The problem is that after setVisible(true) is called, the window is flashed with the old content for a split second before paintComponent is called and the updated state is drawn.
I could probably workaround this in an ugly way, but I wanted to know if there are better solutions.
Thanks in advance for any help
edit: While preparing an example, I noticed that the effect was hardly ever observable when not using transparency like I do in my program. Should probably have mentioned that. Here is what I came up with:
import java.awt.Color;
import java.awt.Dimension;
import java.awt.Graphics;
import java.awt.Toolkit;
import javax.swing.JFrame;
import javax.swing.JPanel;
import com.sun.awt.AWTUtilities;
public class Test {
static boolean flag = false;
static Dimension scrSize = Toolkit.getDefaultToolkit().getScreenSize();
public static void main(String[] args) throws InterruptedException {
JFrame frame = new JFrame();
frame.setUndecorated(true);
AWTUtilities.setWindowOpaque(frame, false); //draw on a transparent window
frame.setSize(scrSize.width, scrSize.height);
frame.setContentPane(new JPanel() {
protected void paintComponent(Graphics g)
{
if (Test.flag) {
g.setColor(Color.RED);
g.drawRect(50, 50, scrSize.width - 100, scrSize.height - 100);
}
else {
g.setColor(Color.GREEN);
g.fillOval(50, 50, scrSize.width - 100, scrSize.height - 100);
}
}
});
frame.setVisible(true); //green oval shown
Thread.sleep(1000);
frame.setVisible(false);
flag = true; // next draw produces red rectangle
Thread.sleep(1000);
frame.setVisible(true); // before the next draw,
// you can see a flash of the green oval
}
}
This is because each AWT window has an off-screen image that is kept in sync with the on-screen image. When a window is displayed, its contents are painted directly from the off-screen image. This happens on the toolkit thread, not on the event dispatch thread.
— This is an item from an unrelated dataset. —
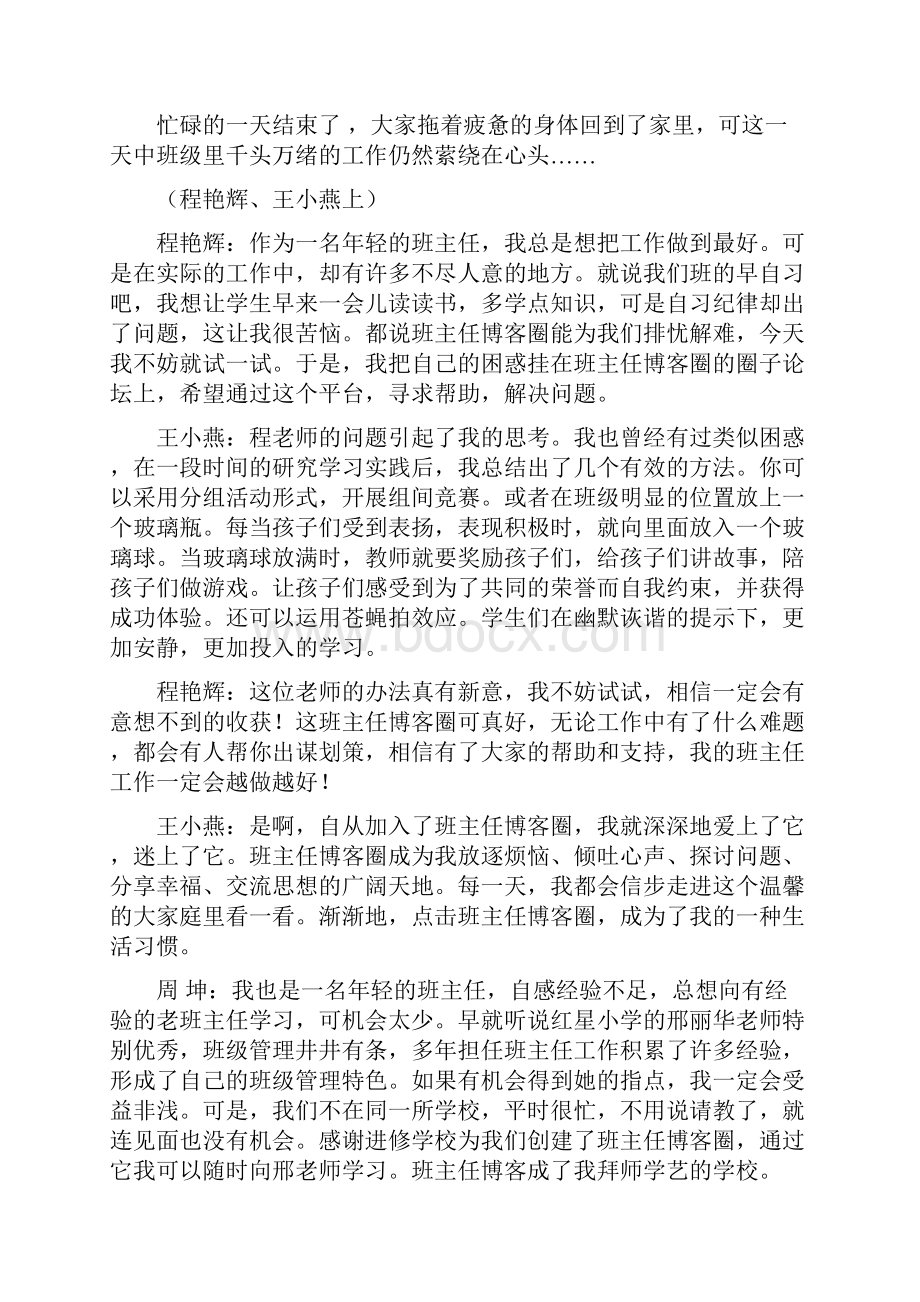 班主任博客经验交流材料1.docx_第2页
Only after the window is shown, the frame is repainted on the event dispatch thread.
Before Java 1.6, there was no per-window double buffering in the AWT, so you would have seen a gray background which was the infamous "gray rectangle" problem.
The only workaround I'm aware of is to create a new frame each time. You can reuse the content panel of the old frame, so the overhead is not so high.